EXERCISE DATA:

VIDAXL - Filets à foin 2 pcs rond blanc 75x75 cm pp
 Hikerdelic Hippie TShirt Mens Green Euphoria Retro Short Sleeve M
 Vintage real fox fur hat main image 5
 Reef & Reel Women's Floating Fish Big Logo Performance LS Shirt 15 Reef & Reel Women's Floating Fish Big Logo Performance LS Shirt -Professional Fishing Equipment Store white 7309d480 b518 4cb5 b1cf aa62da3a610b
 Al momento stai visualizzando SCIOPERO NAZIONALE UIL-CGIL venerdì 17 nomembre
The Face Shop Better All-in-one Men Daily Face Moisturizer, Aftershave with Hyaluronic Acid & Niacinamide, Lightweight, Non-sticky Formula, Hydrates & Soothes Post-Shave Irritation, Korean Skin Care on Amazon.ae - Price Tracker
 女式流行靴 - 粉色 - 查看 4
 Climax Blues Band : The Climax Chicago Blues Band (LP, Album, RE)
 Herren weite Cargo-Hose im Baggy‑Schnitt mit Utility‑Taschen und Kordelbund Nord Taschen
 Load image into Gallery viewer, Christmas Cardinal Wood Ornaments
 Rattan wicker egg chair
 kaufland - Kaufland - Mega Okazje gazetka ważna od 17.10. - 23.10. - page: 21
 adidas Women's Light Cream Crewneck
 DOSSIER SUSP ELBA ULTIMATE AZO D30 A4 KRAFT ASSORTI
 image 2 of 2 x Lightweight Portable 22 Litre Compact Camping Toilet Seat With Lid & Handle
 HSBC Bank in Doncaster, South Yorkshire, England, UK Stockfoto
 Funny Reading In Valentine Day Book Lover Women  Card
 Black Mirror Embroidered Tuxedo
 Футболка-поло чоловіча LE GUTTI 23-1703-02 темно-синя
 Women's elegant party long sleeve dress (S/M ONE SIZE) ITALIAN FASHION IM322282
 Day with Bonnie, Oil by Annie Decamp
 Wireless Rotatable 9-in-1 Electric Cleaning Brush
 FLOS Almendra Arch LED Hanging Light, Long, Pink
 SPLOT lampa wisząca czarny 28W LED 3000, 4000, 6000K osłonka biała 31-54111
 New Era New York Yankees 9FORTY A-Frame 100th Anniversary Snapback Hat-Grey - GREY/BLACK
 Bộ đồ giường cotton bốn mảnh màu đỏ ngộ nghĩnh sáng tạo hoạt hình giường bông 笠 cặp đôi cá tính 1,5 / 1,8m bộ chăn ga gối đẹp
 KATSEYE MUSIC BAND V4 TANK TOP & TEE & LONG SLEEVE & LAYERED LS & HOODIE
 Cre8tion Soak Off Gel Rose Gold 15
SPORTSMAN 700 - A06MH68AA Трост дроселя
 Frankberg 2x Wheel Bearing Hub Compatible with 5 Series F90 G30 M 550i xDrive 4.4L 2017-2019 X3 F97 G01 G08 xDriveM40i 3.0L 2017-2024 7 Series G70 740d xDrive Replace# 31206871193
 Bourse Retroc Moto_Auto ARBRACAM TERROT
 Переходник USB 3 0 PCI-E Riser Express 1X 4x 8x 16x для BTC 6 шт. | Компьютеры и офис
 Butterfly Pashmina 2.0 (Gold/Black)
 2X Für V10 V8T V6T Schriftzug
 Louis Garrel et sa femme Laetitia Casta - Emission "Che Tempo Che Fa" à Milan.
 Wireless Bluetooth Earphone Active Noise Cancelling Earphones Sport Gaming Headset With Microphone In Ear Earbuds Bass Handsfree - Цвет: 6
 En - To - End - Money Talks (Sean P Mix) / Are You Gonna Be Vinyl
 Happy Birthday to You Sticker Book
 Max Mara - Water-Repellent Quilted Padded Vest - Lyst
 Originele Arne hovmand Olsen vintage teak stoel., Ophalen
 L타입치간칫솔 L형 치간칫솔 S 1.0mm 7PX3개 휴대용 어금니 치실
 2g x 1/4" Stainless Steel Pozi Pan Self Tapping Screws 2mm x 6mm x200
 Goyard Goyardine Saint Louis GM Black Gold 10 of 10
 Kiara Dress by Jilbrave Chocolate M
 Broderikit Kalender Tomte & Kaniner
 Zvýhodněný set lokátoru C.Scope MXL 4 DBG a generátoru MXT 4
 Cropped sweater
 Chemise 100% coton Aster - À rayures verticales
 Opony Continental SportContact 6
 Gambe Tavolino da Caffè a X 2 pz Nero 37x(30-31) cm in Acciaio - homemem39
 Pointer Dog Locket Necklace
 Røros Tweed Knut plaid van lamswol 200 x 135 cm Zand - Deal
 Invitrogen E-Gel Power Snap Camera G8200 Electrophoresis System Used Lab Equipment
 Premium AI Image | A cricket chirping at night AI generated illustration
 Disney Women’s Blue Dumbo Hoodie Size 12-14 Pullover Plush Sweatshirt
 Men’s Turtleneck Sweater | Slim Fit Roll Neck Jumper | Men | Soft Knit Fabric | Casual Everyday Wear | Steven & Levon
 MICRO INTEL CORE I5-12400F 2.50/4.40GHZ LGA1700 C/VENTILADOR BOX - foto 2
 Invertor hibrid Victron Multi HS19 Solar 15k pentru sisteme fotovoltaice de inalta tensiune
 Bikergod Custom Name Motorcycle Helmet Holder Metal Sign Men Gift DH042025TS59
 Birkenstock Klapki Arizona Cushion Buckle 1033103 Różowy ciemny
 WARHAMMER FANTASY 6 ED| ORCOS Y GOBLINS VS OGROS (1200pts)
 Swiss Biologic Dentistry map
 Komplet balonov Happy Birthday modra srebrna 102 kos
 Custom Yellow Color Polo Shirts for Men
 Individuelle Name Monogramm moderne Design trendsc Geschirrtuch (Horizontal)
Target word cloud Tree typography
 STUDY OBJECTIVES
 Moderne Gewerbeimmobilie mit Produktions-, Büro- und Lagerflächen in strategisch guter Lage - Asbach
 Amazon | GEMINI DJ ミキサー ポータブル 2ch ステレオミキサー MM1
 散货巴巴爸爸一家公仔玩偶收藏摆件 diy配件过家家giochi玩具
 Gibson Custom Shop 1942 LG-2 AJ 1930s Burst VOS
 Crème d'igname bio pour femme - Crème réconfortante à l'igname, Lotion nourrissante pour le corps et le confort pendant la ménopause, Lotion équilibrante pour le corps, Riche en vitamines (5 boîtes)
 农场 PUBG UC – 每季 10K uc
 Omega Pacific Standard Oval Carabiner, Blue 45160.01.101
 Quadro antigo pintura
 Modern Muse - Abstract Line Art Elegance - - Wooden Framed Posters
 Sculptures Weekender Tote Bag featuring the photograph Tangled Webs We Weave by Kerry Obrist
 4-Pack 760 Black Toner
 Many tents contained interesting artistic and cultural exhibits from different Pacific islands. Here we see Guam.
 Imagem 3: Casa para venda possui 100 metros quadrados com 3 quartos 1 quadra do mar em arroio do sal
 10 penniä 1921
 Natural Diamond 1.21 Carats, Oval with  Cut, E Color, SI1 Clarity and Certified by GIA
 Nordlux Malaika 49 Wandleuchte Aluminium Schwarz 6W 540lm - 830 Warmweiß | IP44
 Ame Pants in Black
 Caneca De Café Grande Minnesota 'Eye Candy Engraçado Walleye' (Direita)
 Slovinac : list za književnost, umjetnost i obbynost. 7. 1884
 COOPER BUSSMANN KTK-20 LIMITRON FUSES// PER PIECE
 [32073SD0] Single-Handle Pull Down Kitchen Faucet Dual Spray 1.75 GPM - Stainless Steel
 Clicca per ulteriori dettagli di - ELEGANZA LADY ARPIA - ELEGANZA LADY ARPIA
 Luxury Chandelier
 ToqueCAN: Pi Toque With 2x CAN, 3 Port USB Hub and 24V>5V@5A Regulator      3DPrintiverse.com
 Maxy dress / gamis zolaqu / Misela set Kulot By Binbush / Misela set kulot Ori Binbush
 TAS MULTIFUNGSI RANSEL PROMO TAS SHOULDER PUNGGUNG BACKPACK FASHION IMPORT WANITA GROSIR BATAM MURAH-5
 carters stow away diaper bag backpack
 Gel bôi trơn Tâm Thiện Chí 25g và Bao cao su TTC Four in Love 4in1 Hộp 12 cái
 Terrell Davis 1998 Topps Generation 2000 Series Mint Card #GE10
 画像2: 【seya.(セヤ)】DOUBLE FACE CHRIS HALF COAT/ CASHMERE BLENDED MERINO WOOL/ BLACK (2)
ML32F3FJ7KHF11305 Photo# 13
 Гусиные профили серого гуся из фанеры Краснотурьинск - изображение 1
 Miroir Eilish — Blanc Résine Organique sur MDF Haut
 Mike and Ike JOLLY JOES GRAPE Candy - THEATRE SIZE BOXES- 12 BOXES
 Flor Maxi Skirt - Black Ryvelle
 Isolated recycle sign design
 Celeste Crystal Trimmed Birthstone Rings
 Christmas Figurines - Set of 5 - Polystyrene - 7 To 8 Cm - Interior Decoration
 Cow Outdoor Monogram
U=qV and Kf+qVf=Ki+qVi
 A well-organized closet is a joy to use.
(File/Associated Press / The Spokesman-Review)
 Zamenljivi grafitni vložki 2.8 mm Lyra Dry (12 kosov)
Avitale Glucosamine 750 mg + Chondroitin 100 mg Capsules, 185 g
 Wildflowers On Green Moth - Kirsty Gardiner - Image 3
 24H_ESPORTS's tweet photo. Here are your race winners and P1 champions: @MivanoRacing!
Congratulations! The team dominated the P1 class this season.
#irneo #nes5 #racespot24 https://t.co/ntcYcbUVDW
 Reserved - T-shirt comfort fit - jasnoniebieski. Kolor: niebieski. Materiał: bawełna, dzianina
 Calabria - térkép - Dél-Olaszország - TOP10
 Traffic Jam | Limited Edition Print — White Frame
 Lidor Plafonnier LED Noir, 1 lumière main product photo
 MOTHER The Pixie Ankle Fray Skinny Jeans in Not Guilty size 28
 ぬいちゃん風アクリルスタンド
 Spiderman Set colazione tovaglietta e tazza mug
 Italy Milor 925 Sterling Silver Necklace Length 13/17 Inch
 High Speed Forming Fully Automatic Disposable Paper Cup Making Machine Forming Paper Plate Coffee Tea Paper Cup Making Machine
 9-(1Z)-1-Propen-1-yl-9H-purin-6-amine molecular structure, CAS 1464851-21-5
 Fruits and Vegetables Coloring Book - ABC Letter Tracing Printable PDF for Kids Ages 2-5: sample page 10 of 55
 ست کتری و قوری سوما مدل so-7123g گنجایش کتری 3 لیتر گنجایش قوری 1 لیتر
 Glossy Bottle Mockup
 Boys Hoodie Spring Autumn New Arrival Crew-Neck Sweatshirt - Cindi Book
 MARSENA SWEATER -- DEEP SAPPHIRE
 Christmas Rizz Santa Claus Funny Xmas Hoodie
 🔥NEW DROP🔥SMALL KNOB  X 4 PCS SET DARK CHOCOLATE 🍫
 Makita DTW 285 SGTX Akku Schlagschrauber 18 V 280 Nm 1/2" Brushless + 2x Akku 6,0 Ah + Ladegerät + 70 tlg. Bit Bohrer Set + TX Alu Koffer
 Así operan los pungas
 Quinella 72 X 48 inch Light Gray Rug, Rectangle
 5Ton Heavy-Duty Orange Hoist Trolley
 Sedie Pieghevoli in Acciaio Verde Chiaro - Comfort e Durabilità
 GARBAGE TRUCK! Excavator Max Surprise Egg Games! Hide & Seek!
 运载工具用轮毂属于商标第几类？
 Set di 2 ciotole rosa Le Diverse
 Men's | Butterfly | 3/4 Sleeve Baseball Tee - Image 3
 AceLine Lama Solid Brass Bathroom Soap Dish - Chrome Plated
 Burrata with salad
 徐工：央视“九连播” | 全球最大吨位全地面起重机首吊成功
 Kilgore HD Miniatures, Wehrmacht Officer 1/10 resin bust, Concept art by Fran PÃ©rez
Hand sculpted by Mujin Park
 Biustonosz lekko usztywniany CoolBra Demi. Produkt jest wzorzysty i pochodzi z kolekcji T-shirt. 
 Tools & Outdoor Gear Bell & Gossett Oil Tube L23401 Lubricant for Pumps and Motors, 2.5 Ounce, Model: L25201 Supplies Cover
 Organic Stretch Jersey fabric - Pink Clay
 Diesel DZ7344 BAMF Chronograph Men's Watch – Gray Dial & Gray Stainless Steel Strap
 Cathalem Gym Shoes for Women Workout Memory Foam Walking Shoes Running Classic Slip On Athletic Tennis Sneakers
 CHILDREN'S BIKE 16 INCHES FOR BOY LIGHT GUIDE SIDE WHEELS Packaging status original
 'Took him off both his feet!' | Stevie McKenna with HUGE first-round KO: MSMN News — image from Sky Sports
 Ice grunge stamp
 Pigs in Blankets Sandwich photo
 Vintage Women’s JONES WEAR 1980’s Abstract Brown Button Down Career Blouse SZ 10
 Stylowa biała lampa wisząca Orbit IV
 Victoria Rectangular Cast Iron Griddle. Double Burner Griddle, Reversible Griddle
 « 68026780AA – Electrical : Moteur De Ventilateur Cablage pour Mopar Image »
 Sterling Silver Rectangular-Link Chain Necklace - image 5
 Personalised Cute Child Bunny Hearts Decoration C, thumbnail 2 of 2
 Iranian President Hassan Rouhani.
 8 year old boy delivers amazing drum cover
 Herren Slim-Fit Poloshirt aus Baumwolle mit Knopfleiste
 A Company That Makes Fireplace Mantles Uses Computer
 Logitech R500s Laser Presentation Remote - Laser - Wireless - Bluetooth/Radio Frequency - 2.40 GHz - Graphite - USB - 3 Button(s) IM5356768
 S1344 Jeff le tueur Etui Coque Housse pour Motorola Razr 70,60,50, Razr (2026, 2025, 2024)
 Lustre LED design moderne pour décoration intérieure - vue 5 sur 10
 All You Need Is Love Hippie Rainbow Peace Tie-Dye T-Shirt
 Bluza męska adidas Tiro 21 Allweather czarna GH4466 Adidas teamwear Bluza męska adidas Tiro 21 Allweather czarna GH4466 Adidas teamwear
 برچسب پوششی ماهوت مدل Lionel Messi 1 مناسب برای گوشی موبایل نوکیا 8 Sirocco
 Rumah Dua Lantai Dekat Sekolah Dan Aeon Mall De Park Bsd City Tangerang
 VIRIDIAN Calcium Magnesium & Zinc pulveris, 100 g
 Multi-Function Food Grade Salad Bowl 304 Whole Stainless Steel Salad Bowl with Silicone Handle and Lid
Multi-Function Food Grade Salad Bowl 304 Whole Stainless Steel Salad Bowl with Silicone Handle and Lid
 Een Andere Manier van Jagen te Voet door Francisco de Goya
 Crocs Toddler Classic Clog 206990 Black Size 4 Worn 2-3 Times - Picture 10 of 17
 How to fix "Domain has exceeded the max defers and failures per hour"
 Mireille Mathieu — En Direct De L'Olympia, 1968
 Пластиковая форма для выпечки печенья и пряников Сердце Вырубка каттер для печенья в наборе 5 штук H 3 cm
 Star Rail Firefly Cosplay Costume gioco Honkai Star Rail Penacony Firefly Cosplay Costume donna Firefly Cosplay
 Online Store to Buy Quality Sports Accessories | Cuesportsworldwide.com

ABOUT THIS TASK: Look through the data above for lines holding the word "Abstract". State how many there are and nothing else.

ANSWER SECTION: 2